Dichtung und Wahrheit liegen ziemlich weit auseinander in Philipp Stölzls mit Ausrufezeichen versehenem Film „Goethe!“ über den genialischen Dichter als junger Mann. Als Idee und dramaturgisches Movens einigermaßen strapaziert, produziert die daraus abgeleitete künstlerische Freiheit reinsten Kintopp. Das zeigt schon der Anfang des vergnüglichen Unterhaltungsfilms, wenn der 23-jährige Studiosus und Heißsporn mit wehenden Fahnen und wenig Sachkenntnis durch das Jura-Examen rasselt. Unter seinen Straßburger Kommilitonen heißt es deshalb von ihm, er trinke viel und rede wenig. Tolldreistes, jugendliches Ungestüm und eine mit großer, provozierender Geste vorgetragene Lebendigkeit kennzeichnen die von Alexander Fehling gespielte Figur. Die virtuose, tempogeladene Inszenierung vermittelt darüber ihre Version des Sturm und Drang.

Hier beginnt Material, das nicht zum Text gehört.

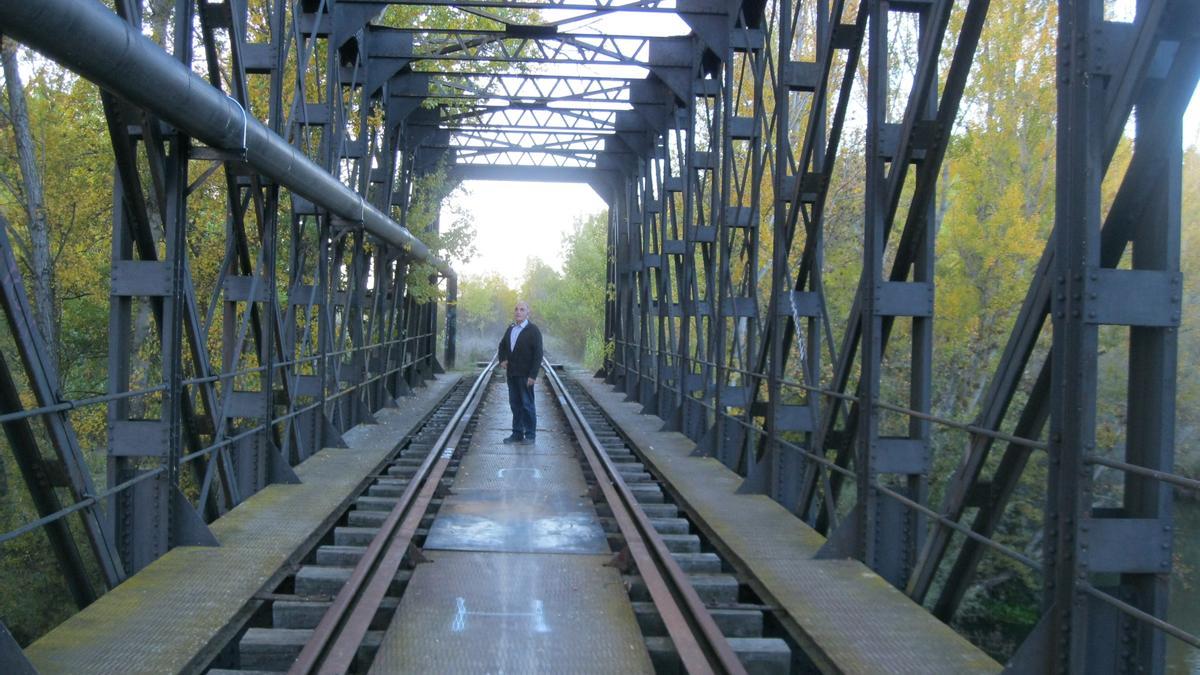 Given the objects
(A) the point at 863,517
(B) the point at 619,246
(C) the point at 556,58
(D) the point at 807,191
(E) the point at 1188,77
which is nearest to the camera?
(E) the point at 1188,77

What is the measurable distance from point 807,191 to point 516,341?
17.5 feet

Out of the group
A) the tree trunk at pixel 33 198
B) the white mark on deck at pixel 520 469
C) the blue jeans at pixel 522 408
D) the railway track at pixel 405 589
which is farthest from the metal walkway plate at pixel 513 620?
the tree trunk at pixel 33 198

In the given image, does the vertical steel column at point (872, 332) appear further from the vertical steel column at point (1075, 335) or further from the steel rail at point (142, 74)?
the steel rail at point (142, 74)

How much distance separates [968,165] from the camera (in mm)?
19688

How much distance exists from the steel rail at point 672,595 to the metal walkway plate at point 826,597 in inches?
20.6

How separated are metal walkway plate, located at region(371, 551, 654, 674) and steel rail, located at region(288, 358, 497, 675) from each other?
0.16m

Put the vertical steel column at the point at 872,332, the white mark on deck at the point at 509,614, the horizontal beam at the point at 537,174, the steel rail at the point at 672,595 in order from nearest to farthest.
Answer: the steel rail at the point at 672,595
the white mark on deck at the point at 509,614
the vertical steel column at the point at 872,332
the horizontal beam at the point at 537,174

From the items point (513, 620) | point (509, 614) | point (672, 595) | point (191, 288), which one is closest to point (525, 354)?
point (191, 288)

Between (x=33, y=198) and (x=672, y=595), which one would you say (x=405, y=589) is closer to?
(x=672, y=595)

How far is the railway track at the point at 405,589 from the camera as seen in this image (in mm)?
4828

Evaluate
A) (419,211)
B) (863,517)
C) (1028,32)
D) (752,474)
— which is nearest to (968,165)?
(1028,32)

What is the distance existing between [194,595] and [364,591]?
0.93 m

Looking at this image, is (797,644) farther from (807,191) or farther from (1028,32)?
(1028,32)

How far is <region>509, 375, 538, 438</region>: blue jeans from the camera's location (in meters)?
12.8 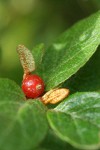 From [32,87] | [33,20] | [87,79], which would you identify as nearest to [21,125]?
[32,87]

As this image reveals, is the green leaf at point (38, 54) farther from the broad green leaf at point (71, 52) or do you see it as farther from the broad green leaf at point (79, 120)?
the broad green leaf at point (79, 120)

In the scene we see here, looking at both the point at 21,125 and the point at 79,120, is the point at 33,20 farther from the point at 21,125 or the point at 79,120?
the point at 21,125

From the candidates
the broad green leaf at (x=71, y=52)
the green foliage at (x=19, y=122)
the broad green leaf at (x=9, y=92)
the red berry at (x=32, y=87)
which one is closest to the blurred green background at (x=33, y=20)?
the broad green leaf at (x=71, y=52)

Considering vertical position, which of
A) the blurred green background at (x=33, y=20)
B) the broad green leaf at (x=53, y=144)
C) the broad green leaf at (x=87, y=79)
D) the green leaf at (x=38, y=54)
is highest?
the green leaf at (x=38, y=54)

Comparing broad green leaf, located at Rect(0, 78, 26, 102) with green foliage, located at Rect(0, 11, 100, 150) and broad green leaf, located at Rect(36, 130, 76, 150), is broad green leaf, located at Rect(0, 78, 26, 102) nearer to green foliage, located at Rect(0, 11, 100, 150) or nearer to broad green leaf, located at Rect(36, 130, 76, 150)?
green foliage, located at Rect(0, 11, 100, 150)

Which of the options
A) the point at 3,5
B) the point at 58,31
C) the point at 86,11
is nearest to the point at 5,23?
the point at 3,5

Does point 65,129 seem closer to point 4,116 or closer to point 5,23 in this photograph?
point 4,116

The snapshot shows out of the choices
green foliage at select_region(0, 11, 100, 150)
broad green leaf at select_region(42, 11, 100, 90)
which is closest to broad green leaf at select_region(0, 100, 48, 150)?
green foliage at select_region(0, 11, 100, 150) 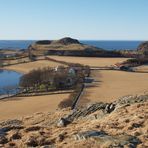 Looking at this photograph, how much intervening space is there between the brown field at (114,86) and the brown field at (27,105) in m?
3.66

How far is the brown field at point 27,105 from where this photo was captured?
1715 inches

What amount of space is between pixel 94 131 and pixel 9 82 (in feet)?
229

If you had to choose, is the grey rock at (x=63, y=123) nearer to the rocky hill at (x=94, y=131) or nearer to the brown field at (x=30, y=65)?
the rocky hill at (x=94, y=131)

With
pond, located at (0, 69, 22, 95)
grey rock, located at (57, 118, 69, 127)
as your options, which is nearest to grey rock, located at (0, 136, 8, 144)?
grey rock, located at (57, 118, 69, 127)

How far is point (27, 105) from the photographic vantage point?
50.0m

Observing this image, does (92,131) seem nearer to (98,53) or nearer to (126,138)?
(126,138)

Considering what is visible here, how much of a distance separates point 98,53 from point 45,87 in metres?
76.4

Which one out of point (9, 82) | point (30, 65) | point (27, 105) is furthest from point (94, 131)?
point (30, 65)

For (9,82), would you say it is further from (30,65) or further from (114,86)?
(30,65)

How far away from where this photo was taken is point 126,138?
14.7 meters

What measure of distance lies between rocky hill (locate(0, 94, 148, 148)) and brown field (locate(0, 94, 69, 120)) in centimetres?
2175

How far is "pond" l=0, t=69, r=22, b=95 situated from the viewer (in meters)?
68.2

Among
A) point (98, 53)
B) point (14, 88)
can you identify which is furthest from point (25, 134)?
point (98, 53)

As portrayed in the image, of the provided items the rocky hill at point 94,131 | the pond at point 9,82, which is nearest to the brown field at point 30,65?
the pond at point 9,82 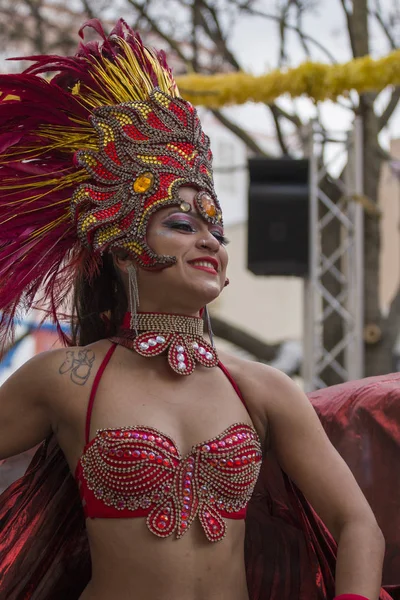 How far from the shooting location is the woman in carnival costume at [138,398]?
229 centimetres

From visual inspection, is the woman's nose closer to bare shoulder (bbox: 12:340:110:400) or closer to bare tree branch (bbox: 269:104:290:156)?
bare shoulder (bbox: 12:340:110:400)

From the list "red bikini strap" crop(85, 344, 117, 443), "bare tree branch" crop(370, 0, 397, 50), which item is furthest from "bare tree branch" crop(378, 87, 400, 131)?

Mit Leidenschaft geht es gegen die Vernunft, mit überschwänglichem Wollen gegen die verstaubten Konventionen und mit „wahrer Kunst“ gegen den Schwulst der Zeit.
Vom strengen Herrn Vater, der das „lächerliche Geschreibsel“ des hitzköpfigen Poeten für sein Scheitern verantwortlich macht, wird der aufmüpfige Sohn daraufhin ans Reichskammergericht nach Wetzlar „strafversetzt“. Stölzl benutzt den Topos vom verkannten Genie, das seine innere Berufung gegen widrige Umstände behaupten muss, um Goethes künstlerische Erweckung als paradigmatische Erzählung ins Kinobild zu setzen. Und dazu gehört in diesem Fall die unglückliche, verzehrende Liebe zu einer Frau, die einem anderen versprochen ist. Charlotte Buff (Miriam Stein) heißt die Angebetete und Seelenverwandte aus kinderreicher Familie, die mit modernem Selbstbewusstsein auftritt und letztlich die familiäre Pflicht über die Neigung des Herzens stellt. Ihr Lieblingsdrama ist Lessings „Emilia Galotti“, während Goethe ihr mit Versen aus seinem Gedicht „Willkommen und Abschied“ seine Liebe gesteht: „Ganz war mein Herz an deiner Seite/Und jeder Atemzug für dich.“
Philipp Stölzl inszeniert das Aufkeimen und kurze Blühen dieser Liebesleidenschaft vor romantischer Kulisse und versieht ihr Scheitern wiederum mit Zügen tragischer Ironie, die bis ins Komische reichen. Das schlägt sich vor allem in der Zeichnung von Goethes Gegenspieler und Vorgesetztem, dem Gerichtsrat Kestner (Moritz Bleibtreu), nieder. Man dürfe nicht zu lange Warten beim Jagen, sagt dieser und entlarvt dabei auf ebenso unfreiwillige wie ironische Weise sein eigenes, kaum selbstverdientes Liebesglück. Goethes schicksalhaftes Liebesunglück hingegen, gespiegelt am Freitod seines Kollegen Wilhelm Jerusalem (Volker Bruch), dient dem angehenden Dichter als Modell für die Kunst und insbesondere als Vorlage und Inspirationsquelle für seinen Briefroman „Die Leiden des jungen Werther“.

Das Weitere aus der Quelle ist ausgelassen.